44 Views Asked by At

I am currently studying Markov models. I am presented with the following definition, theorem, and proof:

Definition 3. If

$$\pi^*_{ij} := \lim_{n \to \infty} m_{ij}(n)/n$$

exists for all $i, j \in S$ and $\sum_{j \in S} \pi^*_{ij} \equiv 1$, then $\vec{\pi}^*_i = (\pi^*_{ij} : j \in S)$ is called an occupation law. In matrix form,

$$\Pi^* = [\pi^*_{ij}] = \lim_{n \to \infty} n^{-1} (\mathcal{I} + \mathcal{P} + \dots + \mathcal{P}^n). \tag{4}$$

Theorem 5. An occupation law is a stationary law.

Proof. We are assuming that the defining limits exist, so the right-hand side of (4) equals

$$\lim_{n \to \infty} (\mathcal{I}/n) + \lim_{n \to \infty} n^{-1}(\mathcal{P} + \dots + \mathcal{P}^n) = [0] + \lim_{n \to \infty} n^{-1}(\mathcal{I} + \dots + \mathcal{P}^{n - 1})\mathcal{P} = \Pi^* \mathcal{P},$$

i.e., $\Pi^* = \Pi^* \mathcal{P}$. The rows of this matrix identity have the form (3), i.e., $\vec{\pi}^*$ is stationary.

The definition for the stationary laws is as follows:

Stationary laws

Definition 2. A stationary law is any non-negative solution $\vec{\pi}$ of the balance plus mass equations, i.e.,

$$\vec{\pi} = \vec{\pi}\mathcal{P} \ \ \ \ \ \text{&} \ \ \ \ \ \sum_{j \in S} \pi_j = 1. \tag{3}$$

Note that if $\vec{\pi}\mathcal{P} = \vec{\pi}$, then $\vec{\pi} \mathcal{P}^n = \vec{\pi}$ for all $n$. This follows by applying the first result iteratively.

And a related theorem and proof is as follows:

Definition 1. If the limit

$$\pi_{ij} = \lim_{n \to \infty} p^{(n)}_{ij}$$

exists for all $i, j \in S$, and if

$$\sum_{j \in S} \pi_{ij} = 1, \ \ \ (i \in S), \tag{1}$$

then for each $i$ we say that the row vector $\vec{\pi}_i = (\pi_{ij} : j \in S)$ is a limit law (or limiting distribution).

If $\vec{\pi}_i$ is a limit law, then $\vec{\pi}_i = \vec{\pi}_i \mathcal{P}$, i.e.,

$$\pi_{ij} = \sum_{k \in S} \pi_{ik}, \ \ \ (i, j \in S) \tag{2}$$

Proof: Define the square matrix $\Pi = [\pi_{ij}]$, which exists by assumption.
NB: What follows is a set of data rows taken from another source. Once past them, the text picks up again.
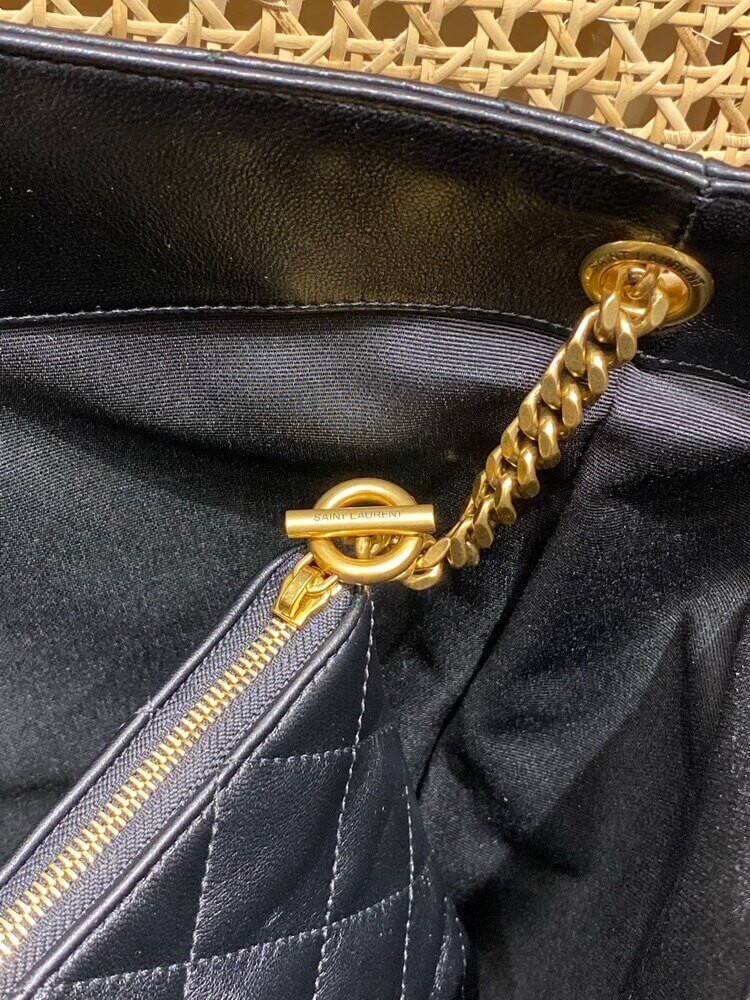 YSL Saint Laurent Icare Maxi Shopping Bag In Black Quilted Lambskin 698651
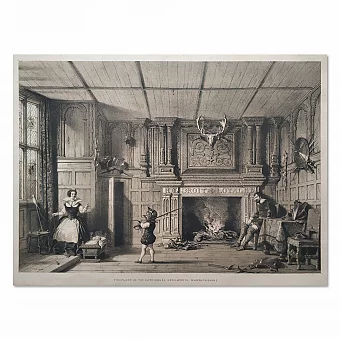 "Камин в Кенилуэрте, графство Warwickshire" - антикварная гравюра. Дополнительное изображение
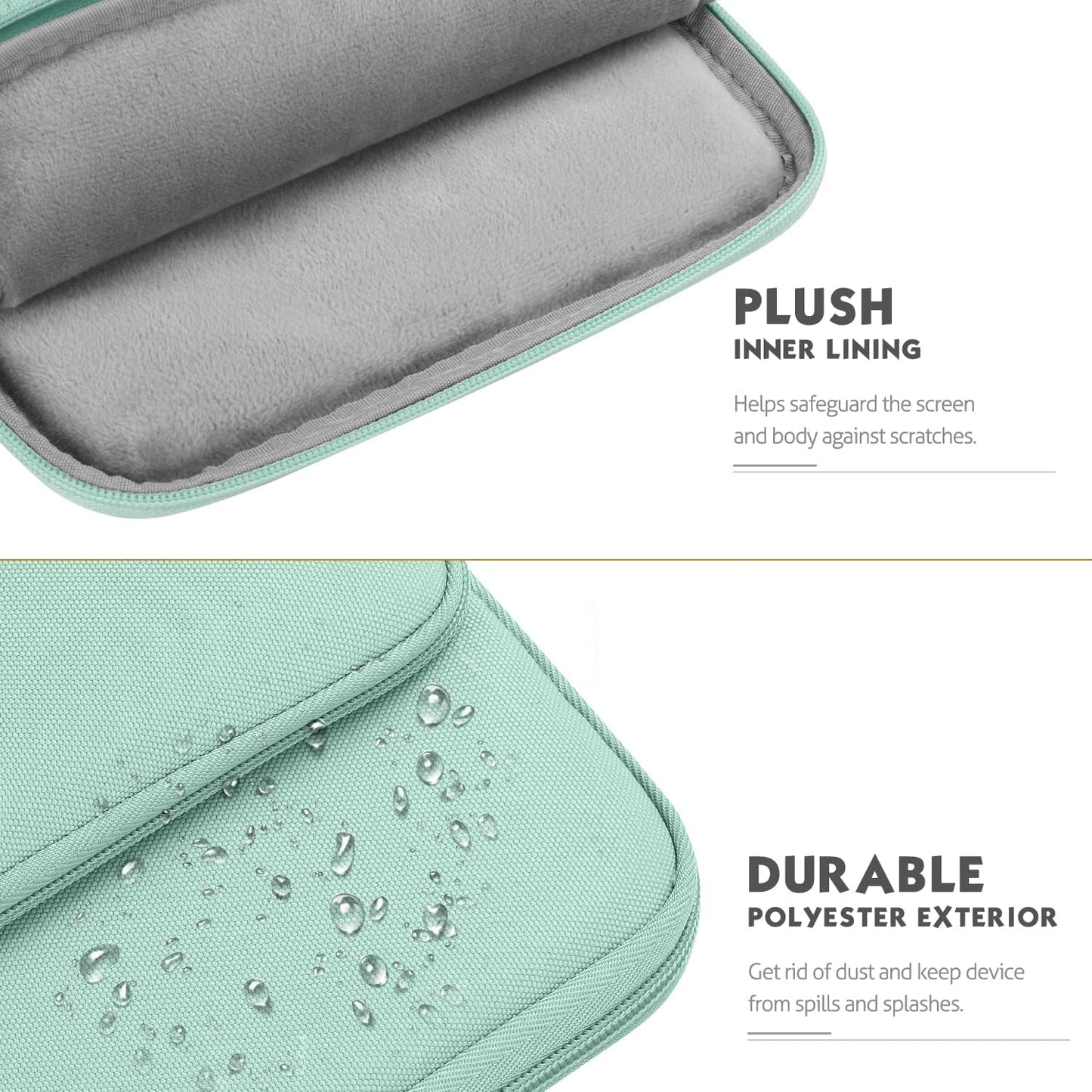 MoKo Laptop Sleeve Bag for 13.3-14 Inch, Notebook Carrying Case with Pocket Fits MacBook Pro M2 14/13/M1/Max 14.2/Air 13.6" M3/M2 2024/2022, Surface Pro 9/8 13", Mint Green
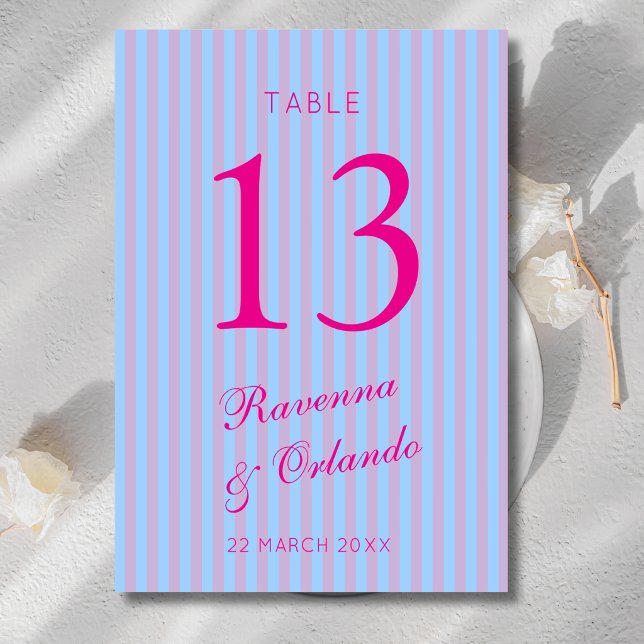 Numéro De Table Mariage Rayure Rose Bleu Rose Rétro Rose Clair (Créateur téléchargé)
Definition 1 can be restated as $\Pi = \lim_{n \to \infty} \mathcal{P}^n$. But $\mathcal{P}^n = \mathcal{P}^{n - 1}\mathcal{P}$, so

$$\Pi = \lim_{n \to \infty} P^n = \lim_{n \to \infty} \mathcal{P}^{n - 1} \mathcal{P} = \Pi \mathcal{P}$$

I am having difficulty understanding this part of the first proof:

$$[0] + \lim_{n \to \infty} n^{-1}(\mathcal{I} + \dots + \mathcal{P}^{n - 1})\mathcal{P} = \Pi^* \mathcal{P}$$

Specifically, I do not understand how we get the result that the limit

$$\lim_{n \to \infty} n^{-1}(\mathcal{I} + \dots + \mathcal{P}^{n - 1})\mathcal{P}$$

results in

$$\Pi^* \mathcal{P}.$$

I would greatly appreciate it if people would please take the time to clarify this.

1

There are 1 best solutions below

0
On BEST ANSWER

This is really not particularly tied to Markov chains. It is simply the following calculation that makes sense for matrices $A$ with complex entries: if $L:=\lim_{n \to \infty} \frac{\sum_{k=0}^n A^k}{n}$ exists, then

$$L=\lim_{n \to \infty} \frac{I}{n} + \lim_{n \to \infty} \frac{\sum_{k=1}^n A^k}{n} = 0 + \left ( \lim_{n \to \infty} \frac{\sum_{k=0}^{n-1} A^k}{n} \right ) A.$$

This follows by linearity of the limit operation (first step) and continuity of linear transformations (second step). Now that inner limit is again $L$, because $\frac{\sum_{k=0}^{n-1} A^k}{n} = \frac{\sum_{k=0}^{n-1} A^k}{n-1} \frac{n-1}{n}$ and $\frac{n-1}{n} \to 1$. So $L=LA$. You could also have obtained $L=AL$, but that is not particularly useful in the Markov chain context, in which you want the rows of $L$ to be invariant under $p \mapsto pA$.